The ideas worth carrying away.

  1. Telling is knowing

    The act of composing what you've taken in — ordering it, wording it, owning it — is not a test of learning. It is the learning. What can't be told hasn't yet been known.

  2. Start clumsy and stay patient

    First narrations are halting and strange, and that's the process working. Resist prompting, resist correcting mid-tell; fluency arrives on its own schedule, and it arrives.

  3. Narration scales to essay

    The path from 'tell me about the paragraph' to a well-formed written essay is one unbroken road. Oral narration is composition practice years before a pencil gets involved.

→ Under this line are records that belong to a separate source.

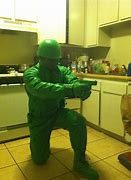 Image result for Green Army Man On Shelf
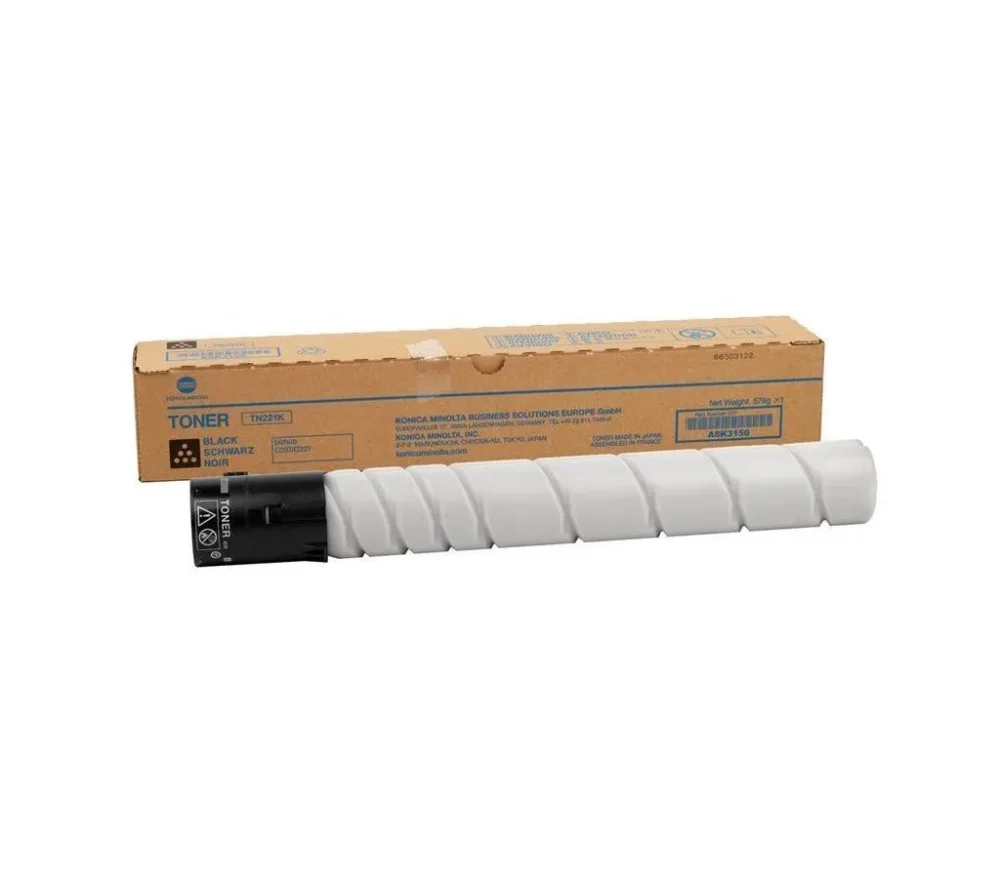 Тонер Konica-Minolta bizhub C227/C287 черный TN-221K в Санкт-Петербурге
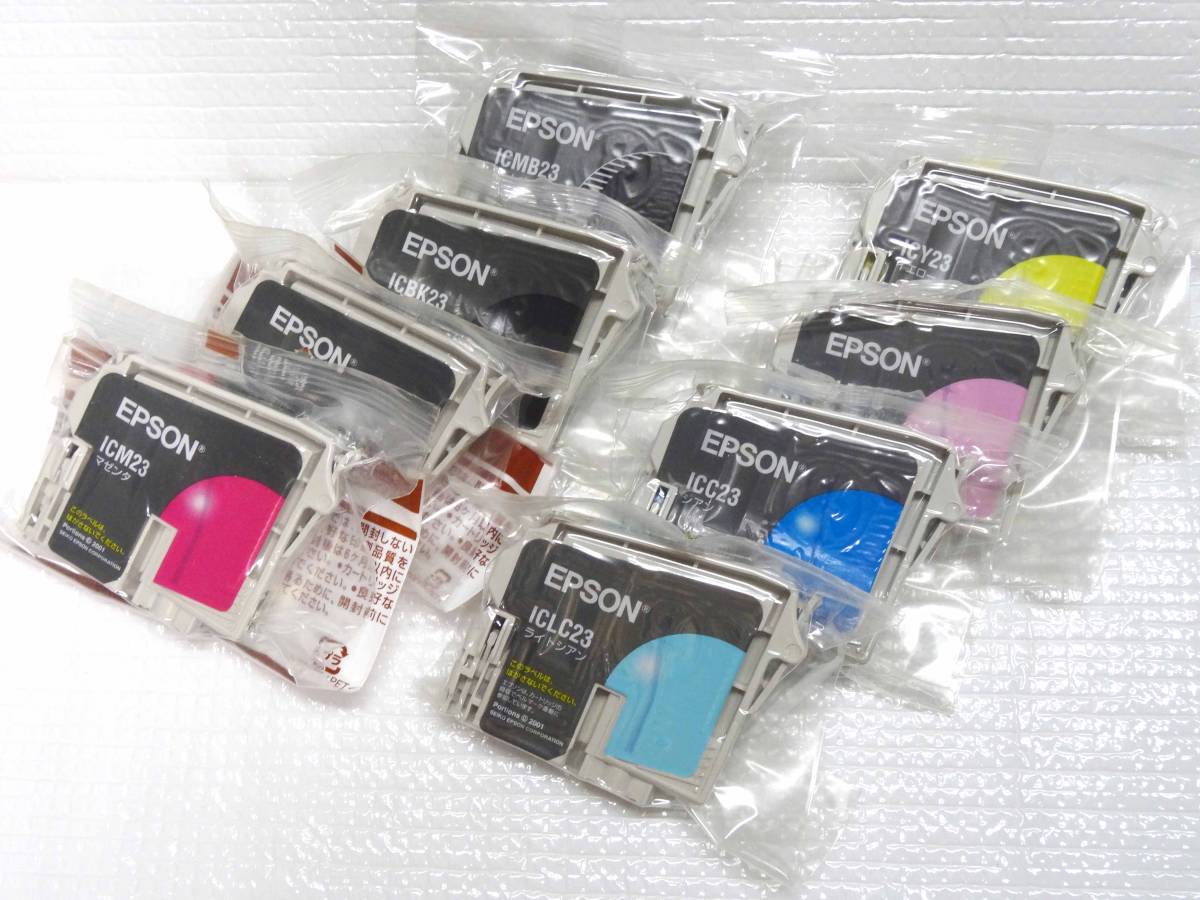 送料無料★新品 IC8CL23 EPSON エプソン 純正インクカートリッジ★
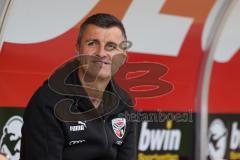 3.Liga - Saison 2022/2023 - Hallersche FC - FC Ingolstadt 04 - Cheftrainer Michael Köllner (FCI) -  - Foto: Meyer Jürgen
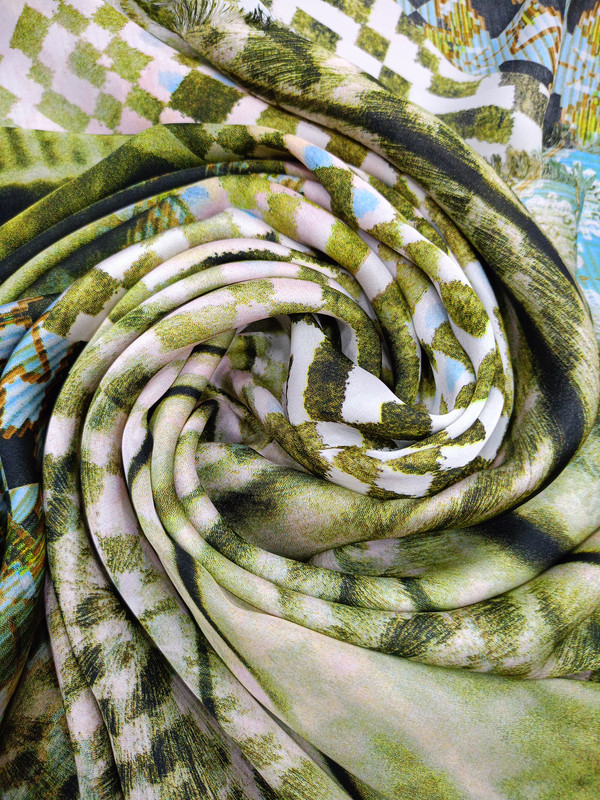 Print On habutai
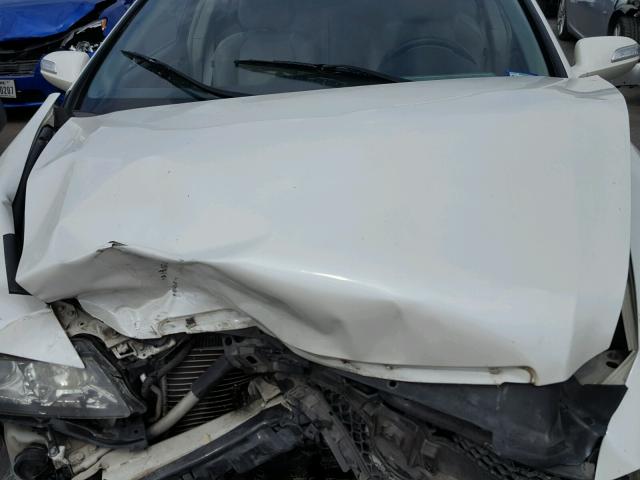 19UUA662X7A032938 - 2007 ACURA TL WHITE photo 7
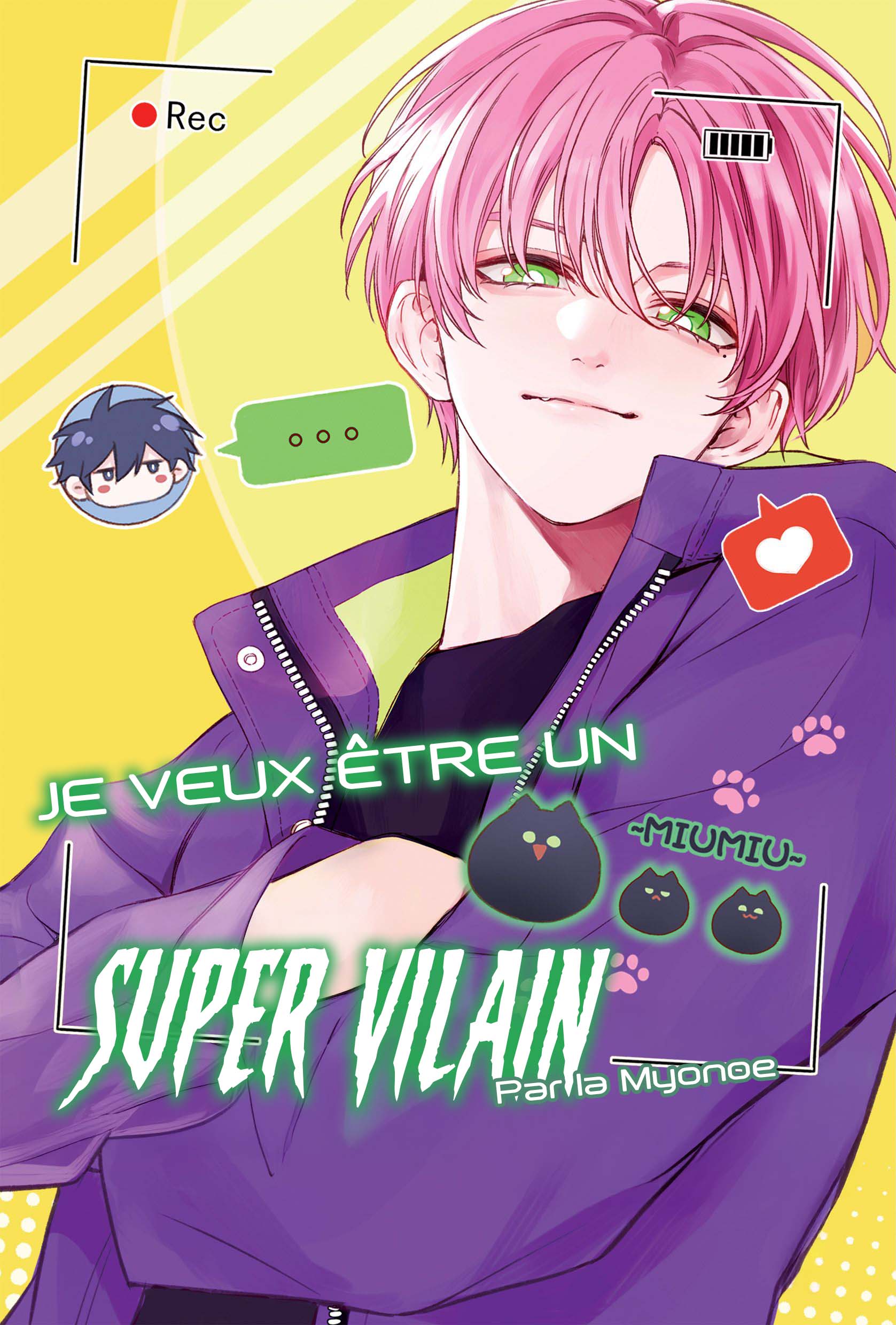 Je Veux &Ecirc;tre un Super Vilain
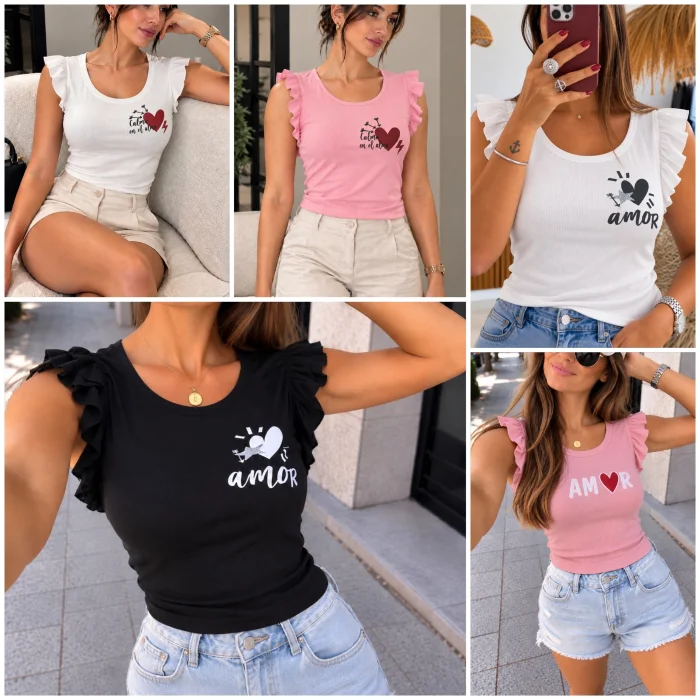 Musculosa Bolados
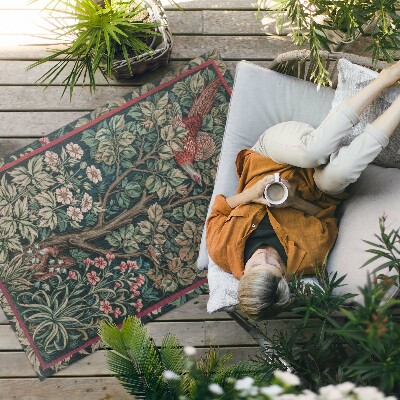 Dywan winylowy Bażant William Morris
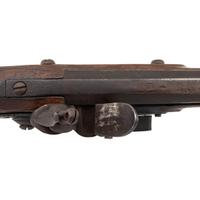 American Fur Company Marked Flintlock Northwest Trade Gun by Sargant & Son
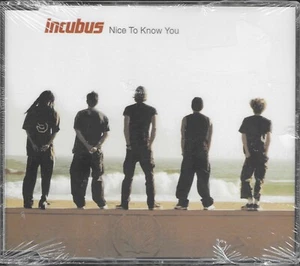 Incubus Nice To Know You 1trk + 3 videos Import Australia 2001 CD Brand New! - Imagen 1 de 2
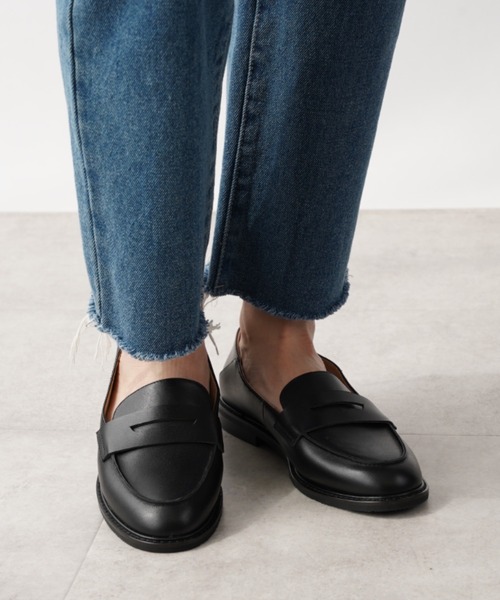 「Piedi Nudi」 シューズ 24.0cm ダークブラウン レディース_画像9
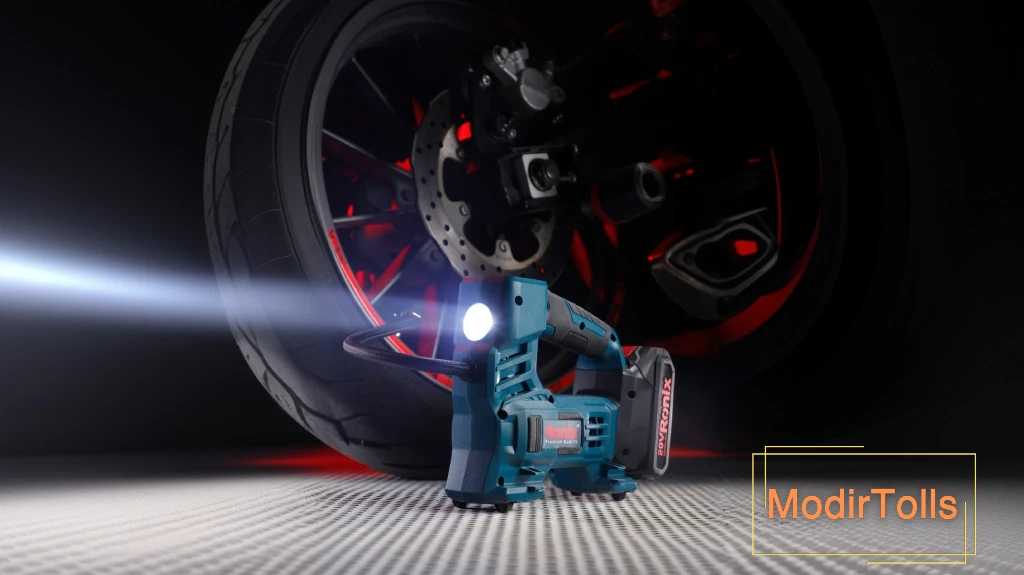 بهترین کمپرسور باد شارژی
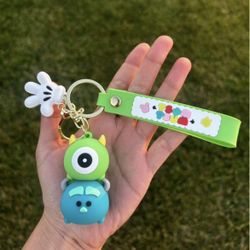 Disney Monsters Inc Keychain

  4. One reading, full attention

    Knowing a passage will be narrated — and won't be re-read — trains the habit of attention better than any exhortation to 'focus.' The method quietly does the discipline for you.

Who it's for

  • Parents replacing comprehension worksheets with something humane
  • Homeschoolers whose children freeze when asked to narrate
  • Teachers of writing who wonder where good essays actually come from

About the author

Karen Glass homeschooled her four children in Poland over more than twenty years and is a founding member of the AmblesideOnline advisory. She writes about the meeting point of classical education and Charlotte Mason's philosophy.